Jogador mais rodado que ele, eram poucos. Pelo menos no Brasil. Mas mesmo assim se sentia um recordista. Eram exatos 30 anos de bola. Aprendeu com 10, profissionalizou-se com 16 e aos 19 já era titular. Veio seleção, o auge, a fama, a regularidade, a queda, as críticas e o reconhecimento por parte de poucos.
Já tinha visto de tudo, desde esposa invadindo concentração a porrada na cara depois de goleada em clássico, dentro do vestiário.Uma das melhores histórias era do jogador que sempre se mostrava inseguro, vomitava antes de todo jogo contra o maio rival. Era tiro e queda. A água despejada acabava com a energia da figura, que já era ruim de bola.
Já tinha jogado com traíra e com jogador que virou irmão. Conheceu esposa no futebol, assim como amante e hoje noiva. Descobriu que o mundo do futebol também dá voltas. Ali era sua vida e poucas vezes tinha percebido naqueles que eram sua companhia constante, ano após ano. Comentaristas, cronistas, repórteres, narradores e locutores. Os jornalistas formados que estudaram quatro anos em alguma faculdade e tinham, assim como ele, o futebol como profissão e meio de vida.
Adorava a chamada imprensa quando era mais novo e começou a aparecer. Ajudavam-no a aparecer e ganhar nome. Às vezes, queria mais aparecer do que jogar. Fama, sucesso, tudo aquilo era sonho desde garoto.
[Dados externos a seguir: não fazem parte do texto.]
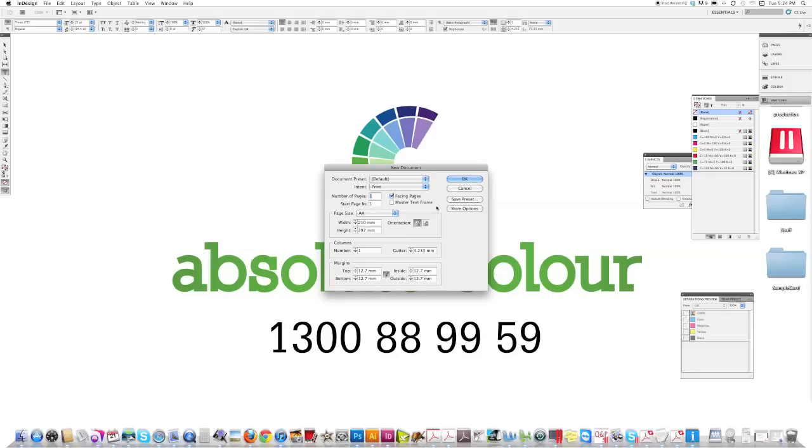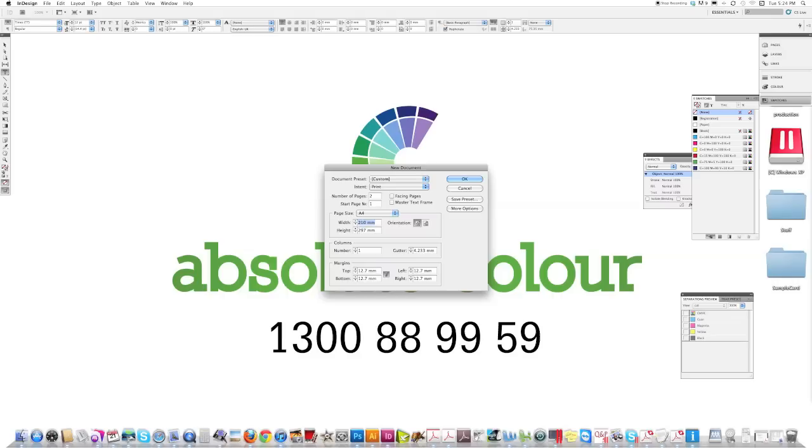We're in InDesign. We need to have a two page document because we're going to do a front and the back. I've turned facing pages off because that's for a multiple page document where you need lefts and rights. We're going to make our business card size 90 by 55, no columns. We're going to make it 3mm in from the edges of the trim lines, just so no important information gets cut off when it's guillotined.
Mas depois aquela turma começou a encher o saco, querendo demais, isso e aquilo. Os anos foram passando e o saco enchendo. Até que estourou. Teve um atrito com um repórter na boca do túnel. Jogou o cara escada abaixo, com uma dezena de pessoas se embolando atrás. Acabou que tudo ficou no disse me disse.
Mas nunca tinha parado para ver, escutar ou ler sobre o futebol, sobre tudo que aquele monte de gente tinha pra falar. Tudo que pensavam e os fazia refletir. Seus interesses e anseios. Em alguns, dava para perceber facilmente para o time que torciam.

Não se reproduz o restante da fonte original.